You name a statistical category and the Bruins are among the best in the NHL. That’s probably the reason why they received top marks in ESPN’s midseason grades.
Here’s a snippet from ESPN’s section on Boston.
Grade: A+. Boston is a top-to-bottom powerhouse, with superb goaltending, a depth of offensive talent and an excellent defense. There are so few holes in the Bruins’ game, and they’ll continue to be a top Stanley Cup favorite if they can stay healthy.
There’s no doubt that the Bruins are receiving contributions from all over the place, but the two stars of Boston’s first half have been goaltender Linus Ullmark and head coach Jim Montgomery.
As was pointed out by ESPN’s Ryan S. Clark and Kristen Shilton, Ullmark has been the “class president” for Boston — leading the NHL in wins (21), save percentage (.939) and goals-against average (1.86), earning him his first-career All-Star nod.
Montgomery has also been fantastic for the Bruins, blowing any expectations put upon him out of the water in his first season in Boston.
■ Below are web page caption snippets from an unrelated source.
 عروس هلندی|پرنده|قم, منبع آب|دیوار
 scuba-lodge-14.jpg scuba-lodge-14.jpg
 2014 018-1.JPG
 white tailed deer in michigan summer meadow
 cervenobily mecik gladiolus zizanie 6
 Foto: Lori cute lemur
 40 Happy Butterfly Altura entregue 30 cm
In capturing the NHL’s best record through 40 games, the first-year bench boss also earned a trip to the All-Star Game in early February.
Combine their performances with the continued steady play of stars Patrice Bergeron, Brad Marchand and Charlie McAvoy, another step forward by all-world goal scorer David Pastrnak and an emergence from Hampus Lindholm and the case for Boston to sit high on the list is clear.
Can the Bruins keep up their 139-point pace and break the NHL’s all-time single-season record? It’s hard to say, but they haven’t done anything so far to make one believe it isn’t a real possibility.